The required answer is an exact copy of the records below, without pictures.

+++ LISTED RECORDS +++

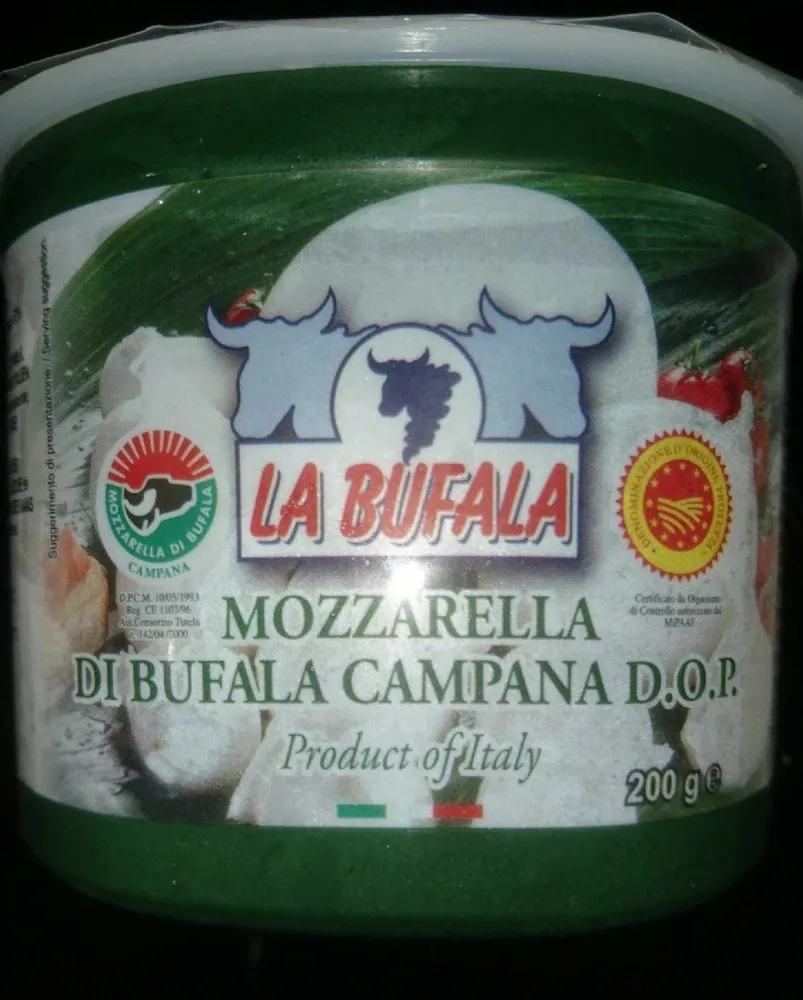 Mozzarella Di  bufala campant d.o.p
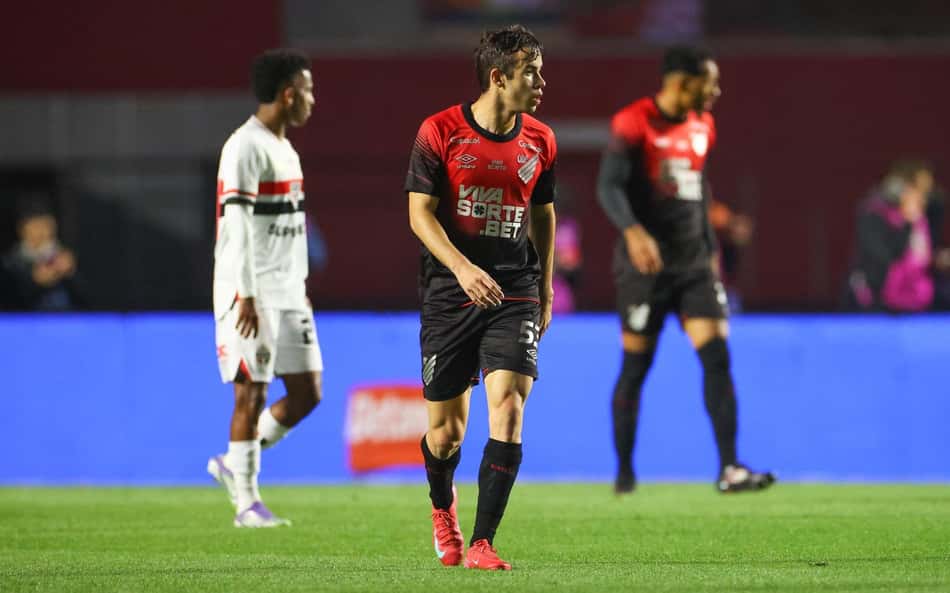 Dudu é titular pela primeira vez e diz que Athletico 'está vivo' contra o São Paulo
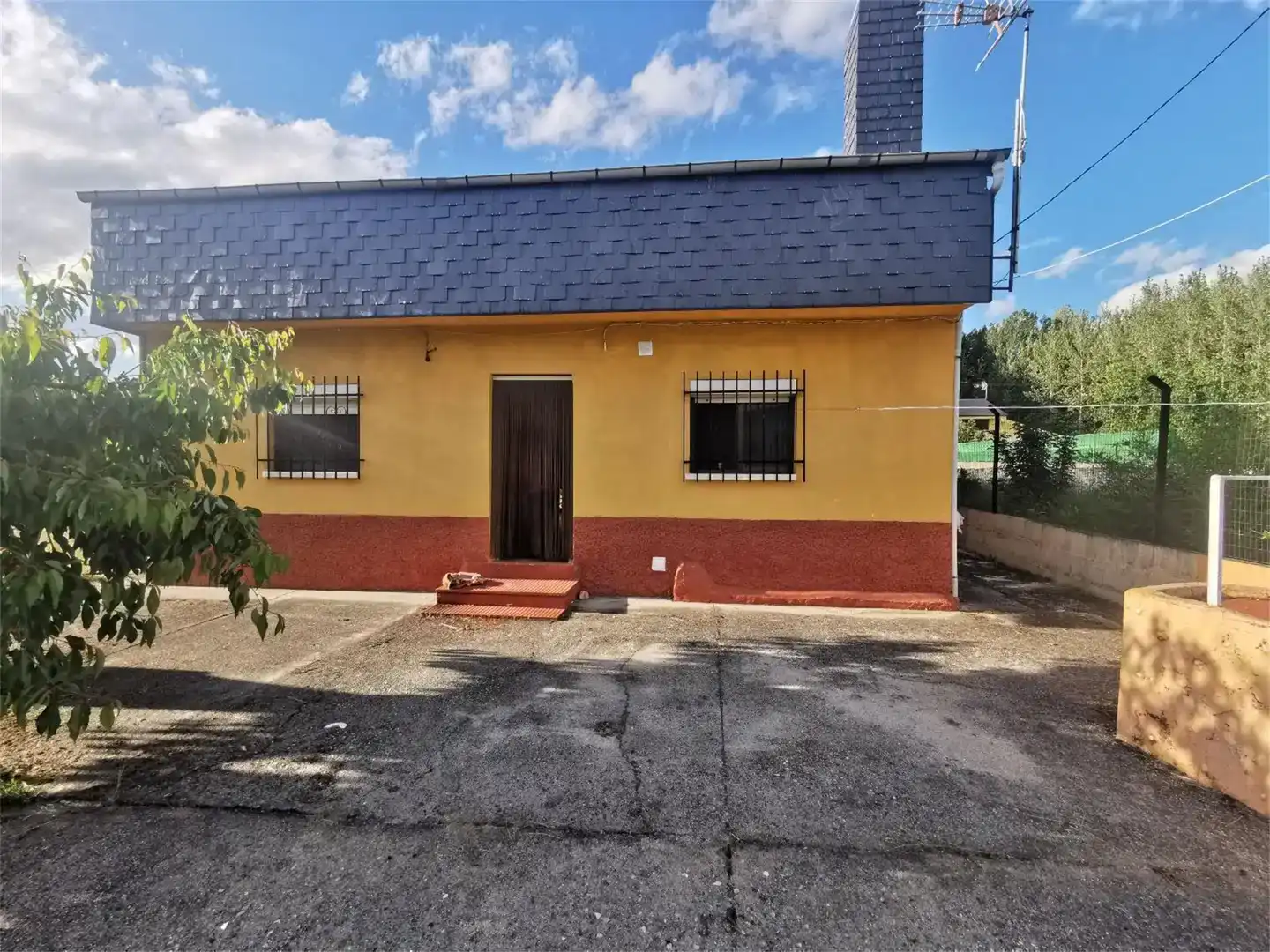 Vista exterior de Finca rústica en venda en Ponferrada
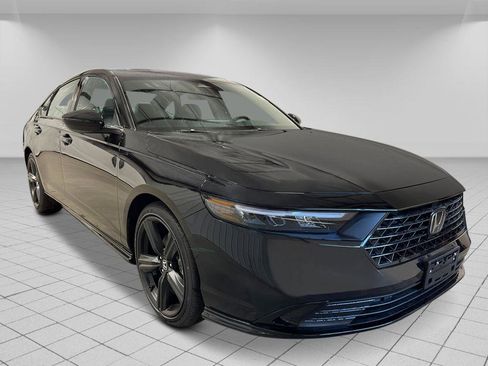 New 2025 Honda Accord Sport image 9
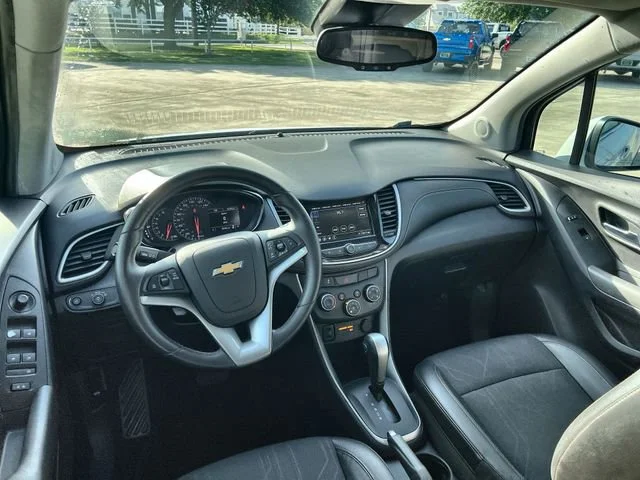 Used 2018 SUMMIT WHITE Chevrolet LT image 10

+++

## TASK SOLUTION
 Mozzarella Di  bufala campant d.o.p
 Dudu é titular pela primeira vez e diz que Athletico 'está vivo' contra o São Paulo
 Vista exterior de Finca rústica en venda en Ponferrada
 New 2025 Honda Accord Sport image 9
 Used 2018 SUMMIT WHITE Chevrolet LT image 10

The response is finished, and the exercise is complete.